14 January 2004
For the past 10 years, South Africa’s innovative “miracle” train, Phelophepa, has brought primary health care to rural areas where, according to government statistics, there is one doctor for every 4 000 to 5 000 patients.
Phelophepa – a seSotho word for good, clean health – came into being in January 1994 when parastatal Transnet’s corporate social investment department and the optometry unit of the Rand Afrikaans University joined up to provide rural South Africans with primary eye care.
The train initially had only three carriages and was solely financed by Transnet. Now Phelophepa has 16 carriages, and a host of companies have joined in the programme as sponsors.
It is the first and only primary health care train in the world, and one of the most ambitious corporate projects ever undertaken in South Africa.
Phelophepa travels around the country for 36 weeks of the year, stopping at least five times at each of 36 stations in the Free State, Western Cape, KwaZulu-Natal and Mpumalanga.
About 40 000 patients receive treatment at the train’s various clinics each year, and more than one million people have been reached to date.
This year, Phelophepa will visit the Eastern Cape, Northern Cape, Limpopo and North West provinces. Gauteng, which is deemed urban, is excluded from the train’s itinerary.
Lynne Coetzee, Transnet’s portfolio manager for health, suggested the idea of expanding the train’s facilities to turn it into an holistic travelling health care service that will reach thousands of rural communities.
Student volunteers work alongside 15 full-time staff to provide basic health services – including general, dental and eyecare – in the rural areas. Public awareness about health issues, including HIV/Aids, is also promoted.
The train has a unique power car which generates enough electricity to supply a small town for two weeks.
Under normal operating conditions the drive wheels of the passenger coaches generate enough electricity for lights and hot water. But as the Phelophepa provides its services while stationary, another power source had to be found, and a dedicated power generator was essential.
Old coaches were refurbished to accommodate an Edu-Clinic, which is equipped to teach groups of 25 local volunteers about basic health issues, with a medicine clinic which houses a pharmacy, the Roche health clinic with five examination clinics and an office, the Colgate dental clinic with five dental chairs, a psychology clinic with two consultation rooms, and two coaches that serve as an eye clinic.
The train also has a dining car for 40 people and a kitchen where nearly 200 meals are prepared each day. Four carriages contain sleeping compartments and a laundry with five washing machines, tumble driers and ironing boards for use by the 56 people on board.
The Transnet Foundation has announced that it will provide 48 percent of the train’s funding for the 2004 financial year. It said the train’s monthly expenditure – despite escalating costs – is estimated at R1.5-million, which translates to about R60 to R70 per patient. The remaining 52 percent will be covered by corporate sponsors.
Roche, a research-oriented healthcare group which has partnered Transnet in the project since 1994, also announced a substantial financial injection for the train.
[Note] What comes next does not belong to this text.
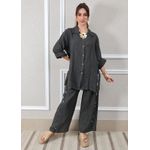 Conjunto Antonia Linho Italiano Chumbo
Roche has paid the costs of the health clinic as well as the vehicle used by staff to visit surrounding villages and schools.
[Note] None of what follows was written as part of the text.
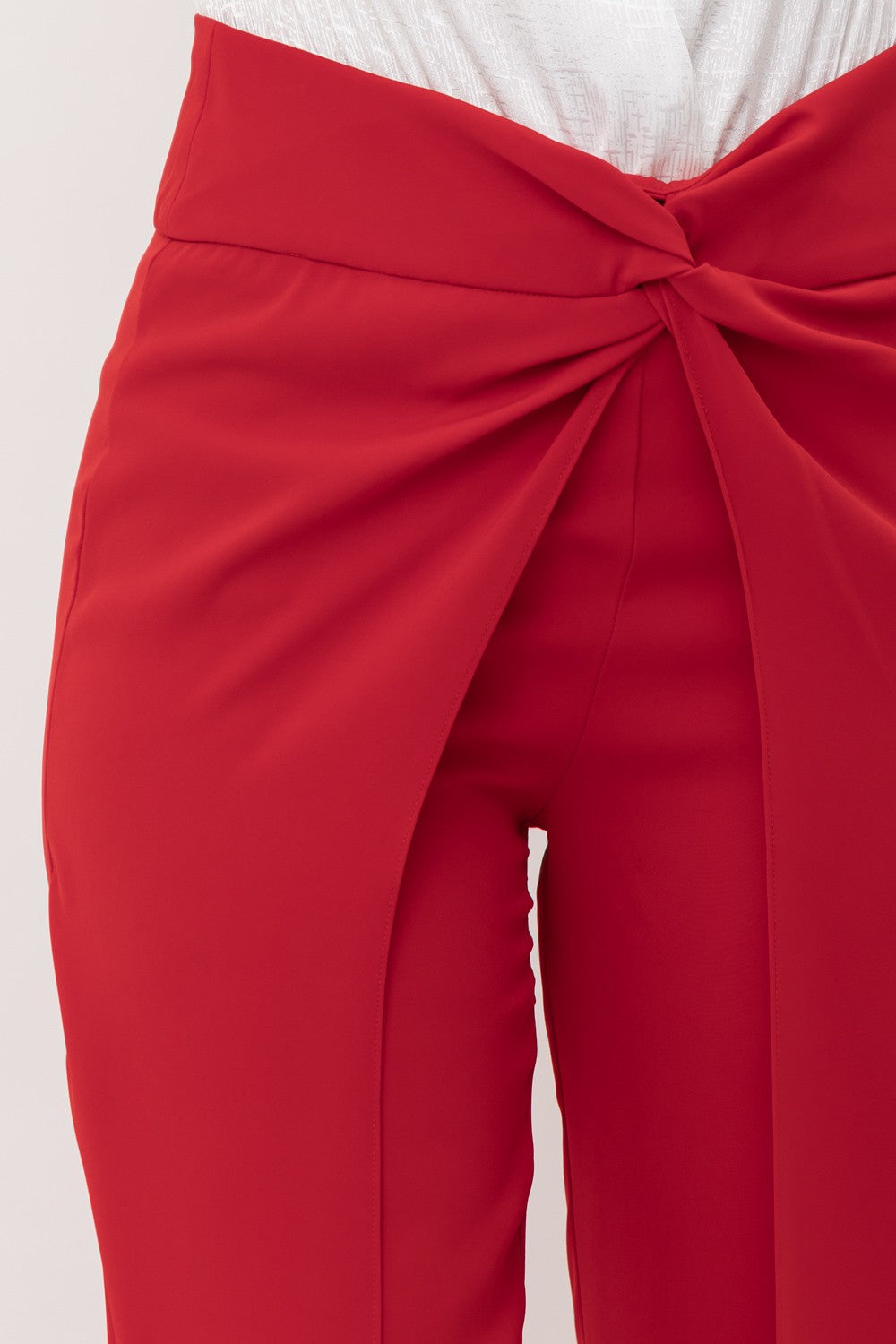 TCH8799A - Twist-Front Wide-Leg Pants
The company said its additional sponsorship will be used to expand services on the train. These will include adding new clinics for diabetes care and oncology. The school health services project will also be extended, while additional funds will be spent to maintain the train and the communications infrastructure.
The inclusion of diabetes and oncology care will cover urgent needs. According to Pat Senne, head of corporate affairs and communication for Roche SA, Type II diabetes is becoming increasingly significant in rural South Africa – yet it is a problem that can be prevented.
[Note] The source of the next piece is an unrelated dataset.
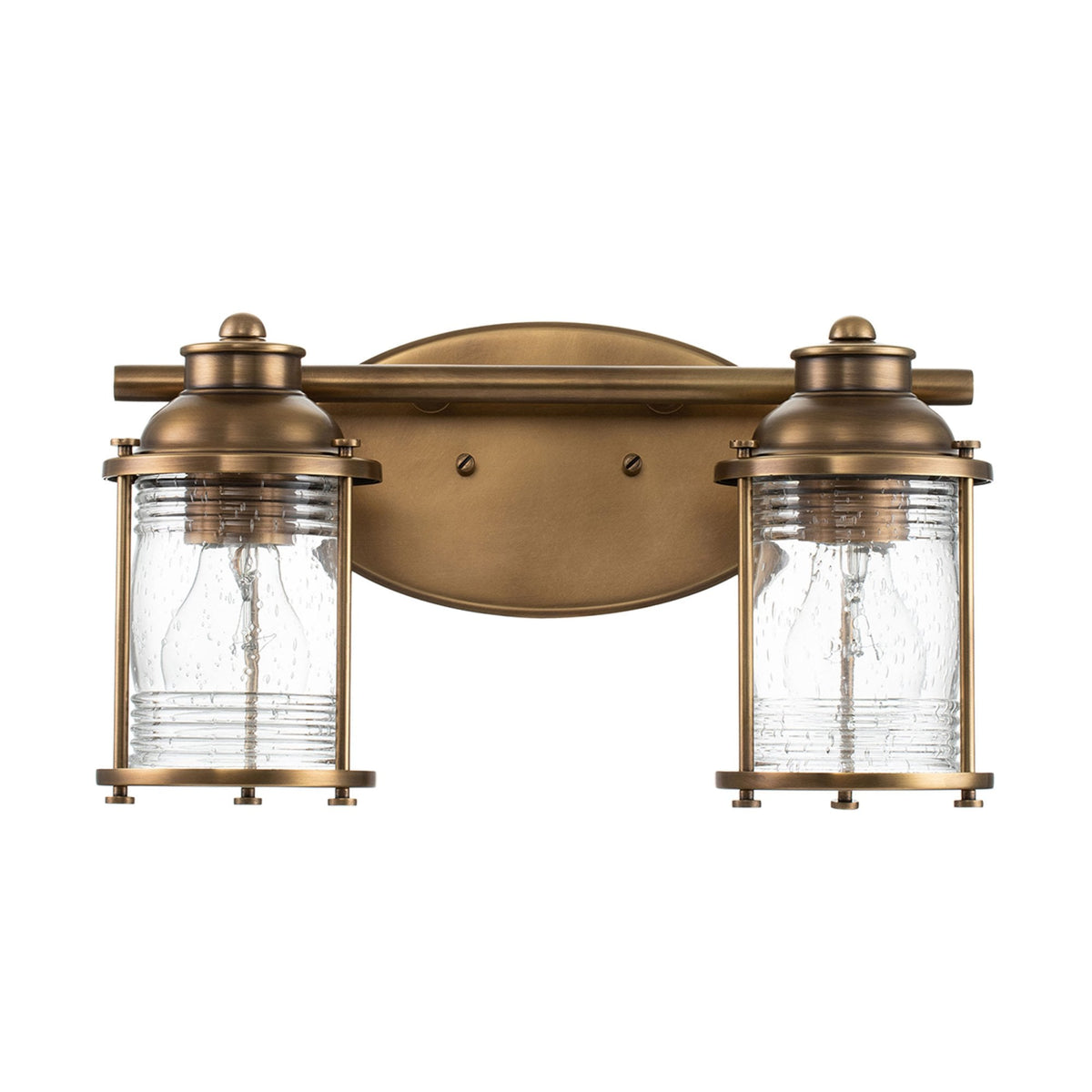 Ashland Bay Twin IP44 Wall Light in Natural Brass with Clear Seedy Ribbed Glass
“Diet and obesity can predispose people to Type II diabetes, so we hope to add value to Phelophepa by educating patients on how to eat properly and recognise symptoms of the disease,” Senne told The Star newspaper.
In addition, the health clinic will screen patients for cancer, a disease which affects a frightening number of people with lumps on the body but who are unaware that something could be wrong. Although cancer cannot be treated on the train, if it is detected patients will be directed to the nearest hospital.
Roche has has also undertaken to fund the school health screening and education service and the dispensary.
Jorg-Michael Rupp, Roche SA’s chief executive officer, told The Star: “Phelophepa is one of Roche’s flagship global projects and it is a rewarding example of how we support socially responsible and sustainable projects.
“The train is impressive not only as it is an effective service to the poorest of the rural poor, but because of its ability to uplift the whole community.”